# Scraping the Web
Sometimes the data you require is not available in a structured, downloadable format. Often the most current data is available only on a web site. This notebook demonstrates how to "scrape" data from web sites using several different methods.

> If you understand how to web scrape, any available data on the web is a database for you!!
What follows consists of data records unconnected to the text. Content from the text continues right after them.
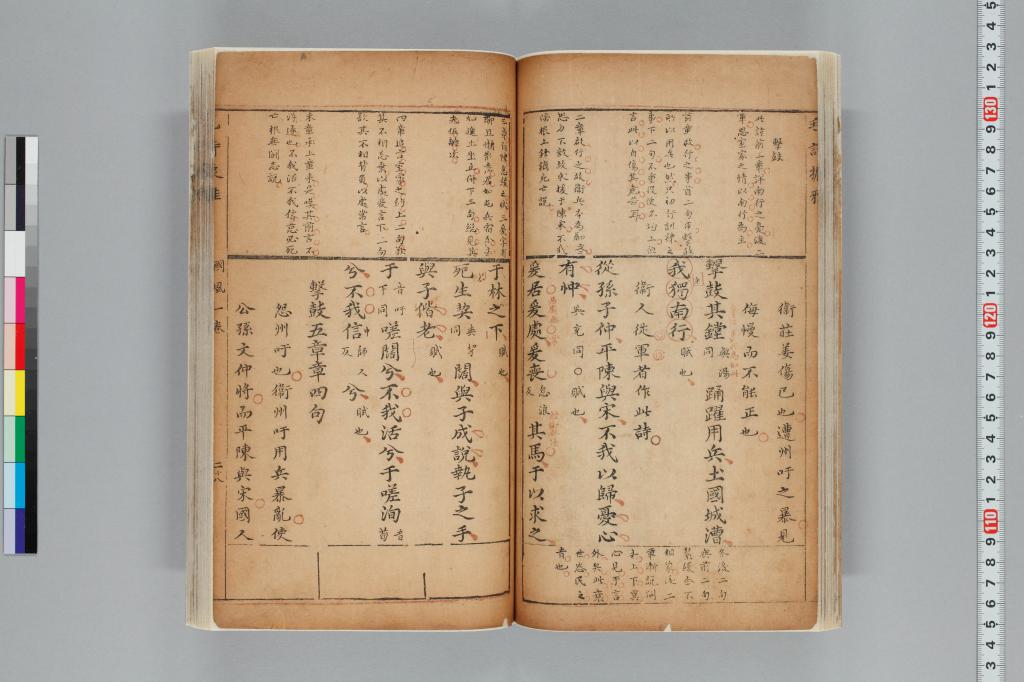 標準画像へ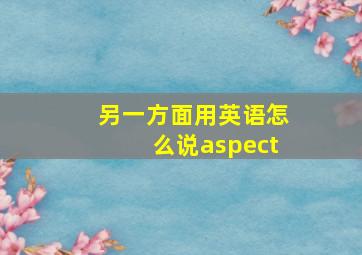 另一方面用英语怎么说aspect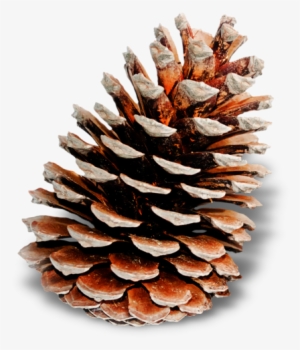 Pine Cones - Pine Cone Family - Nature Flower Handmade Pendant Necklace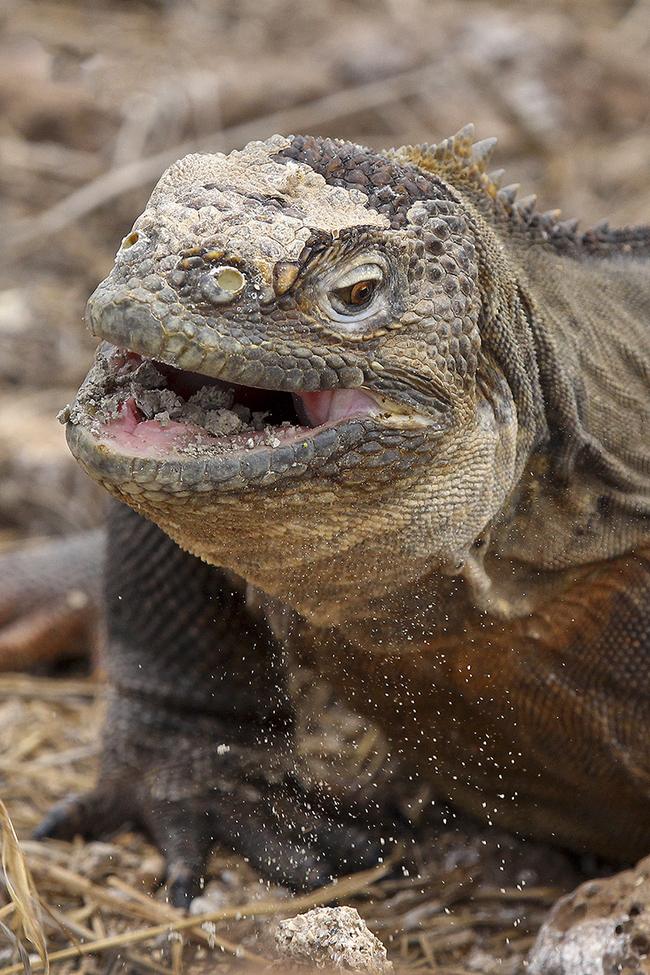 Galapagos Land Iguana, Galapagos Island, Ecuador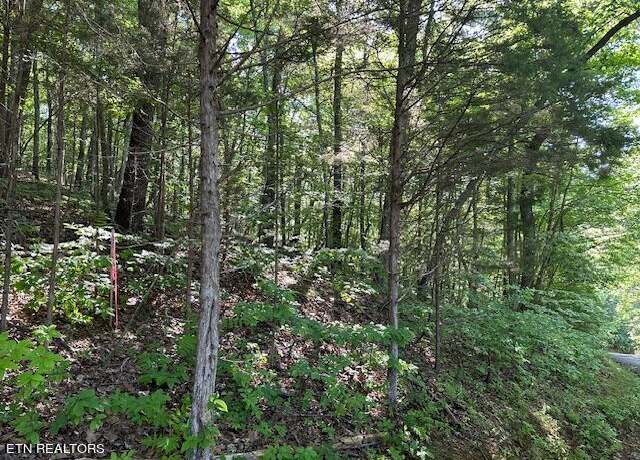 Property at Brewer Ln, Andersonville, TN 37705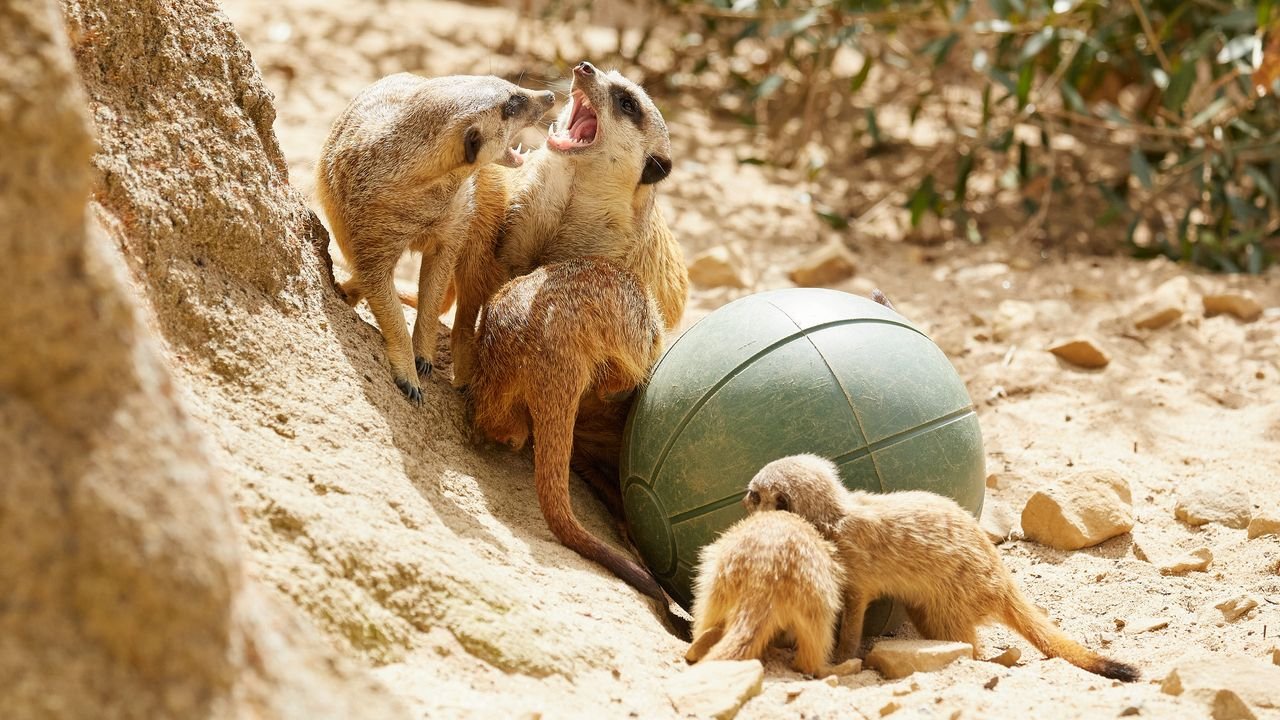 zoo krefeld 2021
> **Should I use RegeX (regular expressions) to parse web data?**
> Although extracting patterned data from a text file is directly in the wheelhouse of RegEx, I recommend *against* using it to parse HTML. Crafting an expression that returns all desired strings while excluding all undesired strings is likely to fail. HTML pages vary widely and will return or exclude data in ways you cannot anticipate. Instead, use a library such as Beautiful Soup, to parse HTML.

## Viewing Source HTML
To determine the best method for extracting data from an HTML page, you must view the HTML. To view HTML using Chrome, right-click the page and then click **View page source** (to view the entire page as a flat file) or click **Inspect** (to view an HTML inspection tool to navigate the page elements).


## Using Beautiful Soup
Beautiful Soup is a Python library for pulling data out of HTML and XML files. It works with your favorite parser to provide idiomatic ways of navigating, searching, and modifying the parse tree. It commonly saves programmers hours or days of work. (source: https://www.crummy.com/software/BeautifulSoup/bs4/doc/)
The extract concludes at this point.